Even as The King’s Speech surges, support for The Social Network and The Fighter still bothers me the most and for similar reasons. Both films focus on two enormous cultural changes: a seismic shift in human communication (TSN) and the remains of life in America’s post-industrial cities (The Fighter). The ideas are there. The execution, in both cases, isn’t.
The Social Network feels tonally disjointed, with Sorkin’s script in Fincher’s hands. The script is better than the film, which adds an impenetrable layer of cynicism to a script that didn’t have any. It’s the exact opposite feeling you get watching a true masterpiece about change in communication, Network, where the differing style of director and screenwriter complemented each other. After watching The Social Network, older viewers seem to understand–even fear–the Facebook generation and love the movie because it.
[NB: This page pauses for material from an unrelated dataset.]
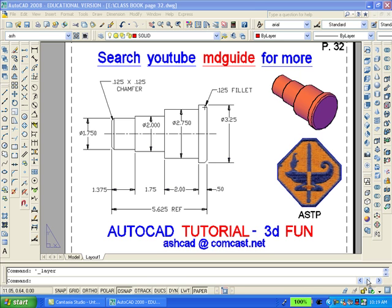The purpose here is to recreate the solid model of the object shown. We will erase the solid and then redraw it.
Author Zadie Smith addressed that in her New York Review of Books article on the film:
In The Social Network Generation Facebook gets a movie almost worthy of them, and this fact, being so unexpected, makes the film feel more delightful than it probably, objectively, is.
Pete Hammond’s Deadline.com Oscar Poll also demonstrates the disconnect between older and younger audiences:
Younger voter: “Not finalized with what I’m doing. Still need to see a handful of films based on the nominations and then I’ll make the call. I will say that I’m not voting for The Social Network. Good movie, but definitely not Best Picture. I’m so happy that it got shut out of the last few awards. Enough of certain organizations, like critics groups, trying to act cool and hip by voting for it. And besides, it peaked too early.”
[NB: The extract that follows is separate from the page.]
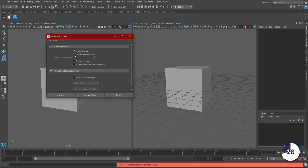Now, your autosave will have separate numbered files, and when it's reached the final file number, it will loop back to save over file 1. Don't forget to hit Save and close.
Most people under 35 don’t think The Social Network is a masterpiece. Most everyone over 35 seems to think otherwise. Call either group myopic, which I’m sure both are in their own ways, but this generational divide just shows that The Social Network‘s status is still unwritten. That’s Fincher’s fault.
The Fighter, likewise, doesn’t sit right, with David O. Russell’s film often crossing a line between focusing on the plight of those working class families in decaying industrial cities and lampooning those same people. Big hair and foul mouths. Throwing pots and pans, and jumping out of crack house windows. These things add to the setting. The question of why the family members are they way they are, however, is never directly considered, and the boxing tale–Micky’s rise in spite of and because of his family–can only convey part of the story.
Trying to dig beneath the surface of family members like Dicky, the crack-smoking former pride of Lowell, Mass., and Alice Ward, Dicky and Micky’s mommy dearest, is difficult in the face of such outrageous characterization. Melissa Leo, who likely will and should win the Oscar for playing Alice, is able to straddle both world better than anyone in the film, while Bale just chews the scenery.
When you put The Social Network and The Fighter up against The King’s Speech, a handsome, competently-made British period drama, you see the difference between a film praised for what it is and ones praised for what the audience desperately wants them to be. But there’s something more troubling then that.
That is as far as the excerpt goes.